The decreasing cost of Next Generation Sequencing is allowing researchers to gain valuable information on microbial communities in unique and often complex environments. The microbial composition in aquaponic (AP) systems is a relative ‘black box.’ An increasing number of studies are providing insight into the role of microorganisms in nutrient cycling, plant productivity, and food safety of AP systems. One challenge is determining how to filter the data post-sequencing. In Illumina short-read sequencing, a per-nucleotide Phred quality score (Q) indicates the probability that the sequencer correctly identified the nucleotide at a specific position. Q filtering is essential in sequencing data analysis as it removes imprecise reads that would otherwise inflate microbial diversity estimates. Here we demonstrate the impact of Q selection on diversity metrics and taxonomic composition of plant-associated microbiomes in AP systems.
16S rRNA raw sequencing data (Illumina MiSeq) was obtained from research examining the effect of development stage on the composition of rhizosphere microbiome in bell pepper (Capsaicin annum) plants grown in AP systems.
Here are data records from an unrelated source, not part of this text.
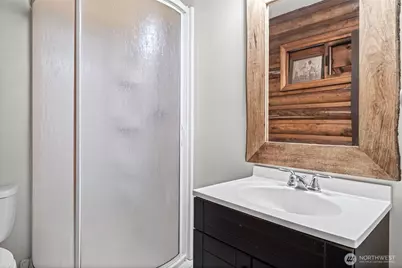 11199 W Belfair Valley Road, Bremerton, WA 98312 - Photo 20
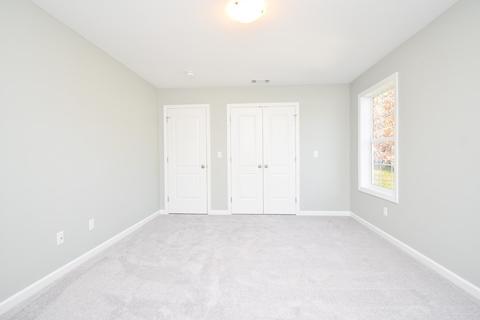 28 Juniper, Springfield, MA 01119 photo 30
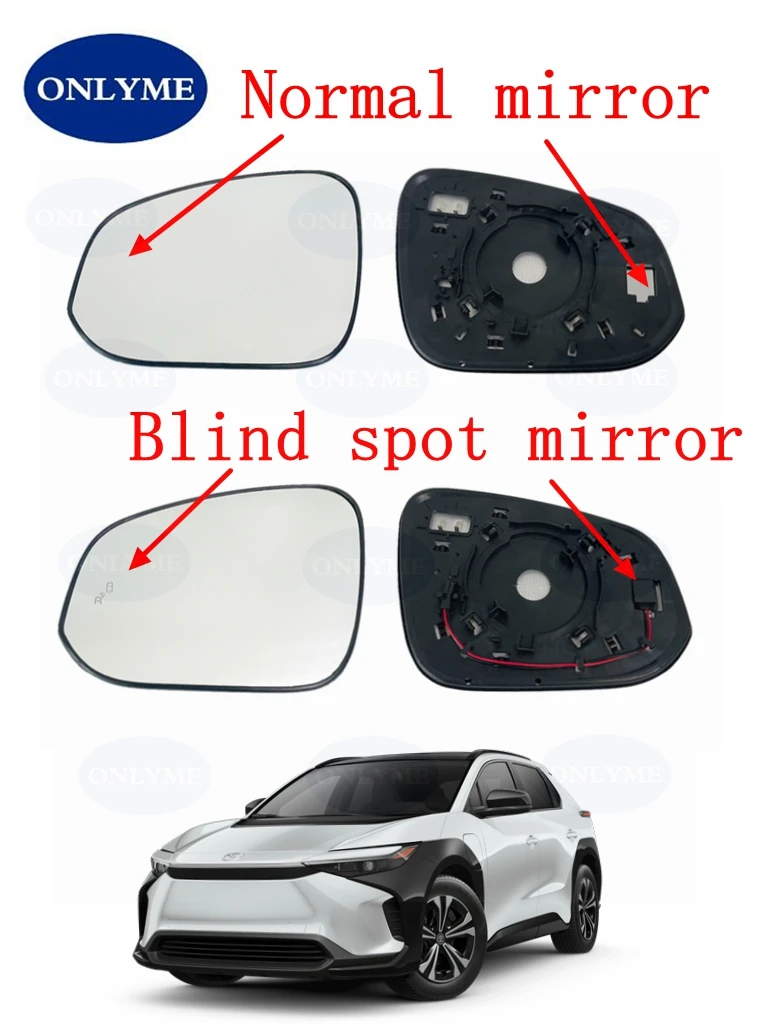 Car High Quality He…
Sequencing data was analyzed with QIIME2, using Greengenes database for taxonomic identification. Nucleotide quality filtering was performed at High (H; >30), Medium (M; >20) and Low (L; >5) Q thresholds.
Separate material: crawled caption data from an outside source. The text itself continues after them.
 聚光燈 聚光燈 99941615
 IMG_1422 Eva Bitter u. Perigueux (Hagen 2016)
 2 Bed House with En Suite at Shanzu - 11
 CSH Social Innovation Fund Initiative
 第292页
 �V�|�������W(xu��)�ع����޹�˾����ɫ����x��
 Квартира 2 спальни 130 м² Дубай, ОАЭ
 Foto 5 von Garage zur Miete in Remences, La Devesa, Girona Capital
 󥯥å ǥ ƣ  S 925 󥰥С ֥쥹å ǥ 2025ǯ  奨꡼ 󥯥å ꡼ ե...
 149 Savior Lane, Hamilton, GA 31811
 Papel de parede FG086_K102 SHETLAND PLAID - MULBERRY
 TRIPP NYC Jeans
Quality score selection resulted in significant differences in alpha diversity, beta-diversity, and microbial abundance estimates. Retention of H quality nucleotides retained 50% of input data, while 25% and 10% were retained on M and L, respectively. Shannon diversity index was significantly higher in H-filtered samples (6.66 ± 0.72) than M (3.79 ± 0.98) and L (5.94 ± 0.77), which were significantly different from each other (Figure 1 [p ≤ 0.05). In addition, the number of taxa identified varied considerably between Q, with H, M and L comprised of 296, 103 and 192 unique taxa, respectively. High and L Q resulted in similar pattern of dissimilarity on a principle component analysis plot, which differed considerably from M.
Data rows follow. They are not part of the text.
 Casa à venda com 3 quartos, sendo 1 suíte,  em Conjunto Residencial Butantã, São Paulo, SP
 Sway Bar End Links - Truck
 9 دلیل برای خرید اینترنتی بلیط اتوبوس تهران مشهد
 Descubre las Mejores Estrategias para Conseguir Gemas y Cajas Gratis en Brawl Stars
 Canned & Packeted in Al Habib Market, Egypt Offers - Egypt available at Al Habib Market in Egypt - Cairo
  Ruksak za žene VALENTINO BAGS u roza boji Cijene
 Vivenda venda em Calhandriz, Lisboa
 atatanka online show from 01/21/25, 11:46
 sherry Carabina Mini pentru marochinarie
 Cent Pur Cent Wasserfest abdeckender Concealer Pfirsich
Results from this exercise highlight the importance of filtering reads in AP microbiome data. Retention of low-quality nucleotides can lead to sequencing errors being misinterpreted as unique taxa, thereby inflating diversity metrics, while H may eliminate rare but potentially important taxa altogether. Medium-quality filtering may inadvertently remove both genuine low-abundance taxa and higher quality reads that would contribute to the richness and evenness required for a higher Shannon index. Analysis of the microbial composition of APs systems may benefit from a multi-filtering approach, where H and L quality datasets are analyzed together. Rare taxa that appear consistently across both H and L filtering could be treated as part of the ‘extended core microbiome’, which may be functionally important despite their low abundance.